A entronização de Lula como ministro não seria tipificável como obstrução da Justiça, pois ele continuaria processado em outro órgão jurisdicional. Mas sugere nulidade por desvio de finalidade. Porque todo ato da autoridade deve atender a um interesse público, e o de que ora se cogita mira exclusivamente em interesses pra lá de particulares.
O fundamento anunciado para eventual impugnação, mais se ajustaria a uma “obstrução de instância”, que não encontra respaldo para imputação em nossa legislação.
Para caracterizar o ato viciado, basta atentar a que o desvio de finalidade se verifica quando se torna óbvio que, embora atuando nos limites de sua competência, a presidente busca proporcionar ao seu ex, foro por prerrogativa de função depois de iniciada a investigação e até formulada a denúncia, ou seja, “foro privilegiado”. Aqui não se cogita apenas de indícios de desvio, mas de evidências gritantes, resultantes de fatos notórios que independem de provas.
O ato praticado com desvio de finalidade – como todo o ato ilícito ou imoral – se apresenta disfarçado sob o capuz do interesse público, lecionava o saudoso Hely Lopes Meirelles.

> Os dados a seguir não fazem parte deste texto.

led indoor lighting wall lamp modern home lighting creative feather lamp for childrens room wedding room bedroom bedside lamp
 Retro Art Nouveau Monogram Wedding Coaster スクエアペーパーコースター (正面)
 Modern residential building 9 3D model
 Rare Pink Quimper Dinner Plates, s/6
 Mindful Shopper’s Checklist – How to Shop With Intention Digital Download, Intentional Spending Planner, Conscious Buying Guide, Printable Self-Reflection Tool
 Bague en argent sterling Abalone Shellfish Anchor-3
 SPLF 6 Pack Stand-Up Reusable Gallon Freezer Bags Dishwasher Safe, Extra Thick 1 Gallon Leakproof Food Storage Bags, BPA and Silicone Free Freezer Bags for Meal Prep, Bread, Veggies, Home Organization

Em face disso, há de ser surpreendido e caracterizado por indícios e circunstâncias que revelem sua distorção legal, substituído ardilosamente por um fim de interesse exclusivamente particular.
A velha Lei Popular (Lei 4.717, de 29.6.65), já naqueles obscuros tempos jejunos de democracia, abriu a qualquer cidadão a possibilidade de anular todo ato da autoridade pública viciado pelo desvio de finalidade ou de poder.
Fica caracterizado quando “o agente pratica o ato visando a fim diverso daquele previsto, explicita ou implicitamente, na regra de competência (art. 2º. e parágrafo único). O ato do “convite” se encaixa como uma luva na definição legal. Pois quem estaria interessado em retroceder de ex-presidente vitorioso a ministro sob mau tempo, que não exclusivamente o próprio, para cair no colo do Supremo?